Comment 9 Josh Robak 2024-08-16 19:50:15 UTC
UPDATE3: After some time to reflect, I don't believe it's a bug, but simply a potential consequence of enabling a feature. In addition, I discovered that some flatpaks installed on my system contributed to the latter problem of my last update, so excluding my ~/.var helped reduce writes a bit as well.

(In reply to tagwerk19 from comment #8)
> (In reply to robakjoshua from comment #6)
> > ... No more random constant
> > writing to the disk at all. So it's probably another unknown that would need
> > to be excluded. If there's any additional folders I should blacklist, please
> > let me know. Otherwise, I am not as concerned about it since it doesn't look
> > like a bug.
> I think you have to keep watch on the "balooctl monitor" output or set up
> logging (so you can then look through the journal).
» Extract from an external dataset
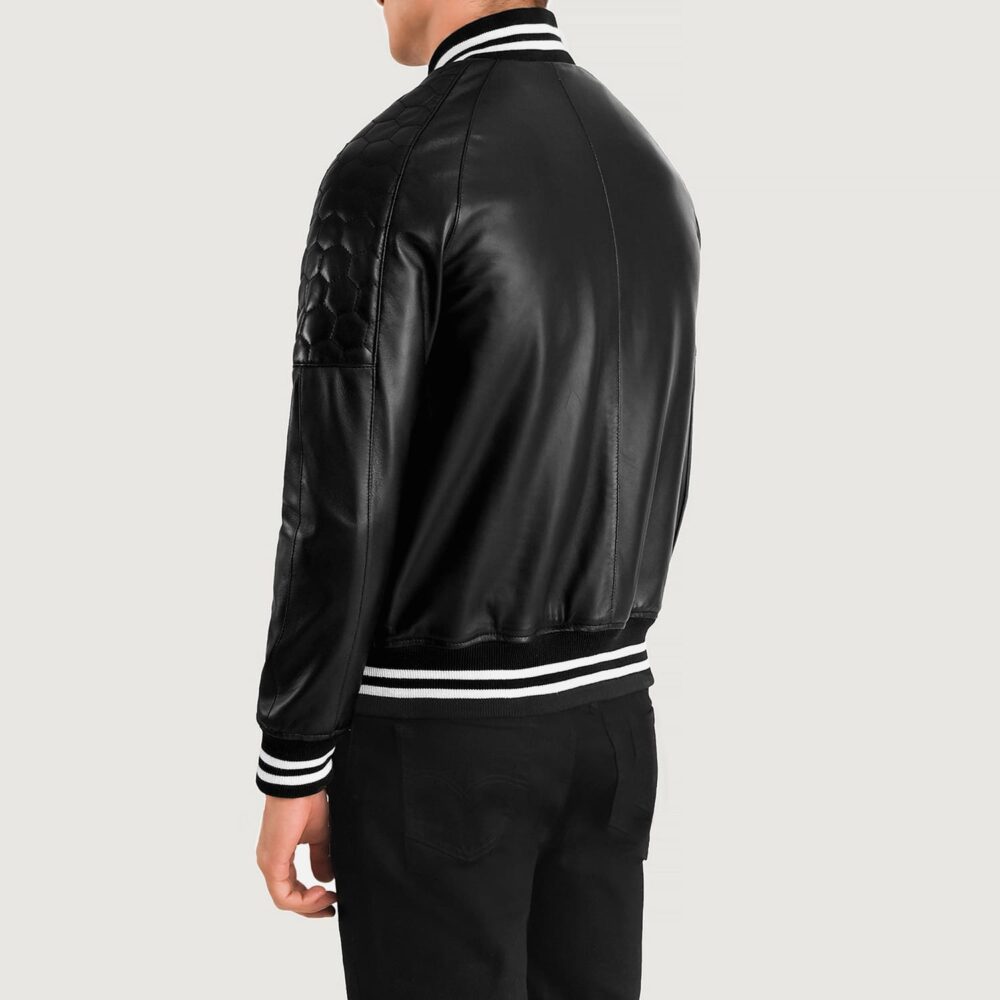 Phantom Black Leather Varsity Jacket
If you find a particular
> file (or file type) repeatedly popping up, we can look deeper....

Steam (and indirectly WINE as you pointed out) was the main culprit, however checking the logs, I didn't see anything unusual. It just seemed to be a bad file(s) that caused Baloo to freak out. Regardless, after updating my system multiple times, I haven't been able to reproduce the main issue since then. It might've just been a particular version of Baloo that caused it and is now patched.

At this point, I don't know if there's anything more that I can add. I'm going to mark this as resolved since I don't want to waste any more time from the developers. Thank you to you all who helped.
Comment 10 tagwerk19 2024-08-16 20:12:04 UTC
(In reply to robakjoshua from comment #9)
> ... In addition, I discovered
> that some flatpaks installed on my system contributed to the latter problem
> of my last update, so excluding my ~/.var helped reduce writes a bit as well ...
That's something very useful to know... 

> At this point, I don't know if there's anything more that I can add. I'm
> going to mark this as resolved since I don't want to waste any more time
> from the developers. Thank you to you all who helped.
And thank you for taking the time and effort to troubleshoot. It is appreciated.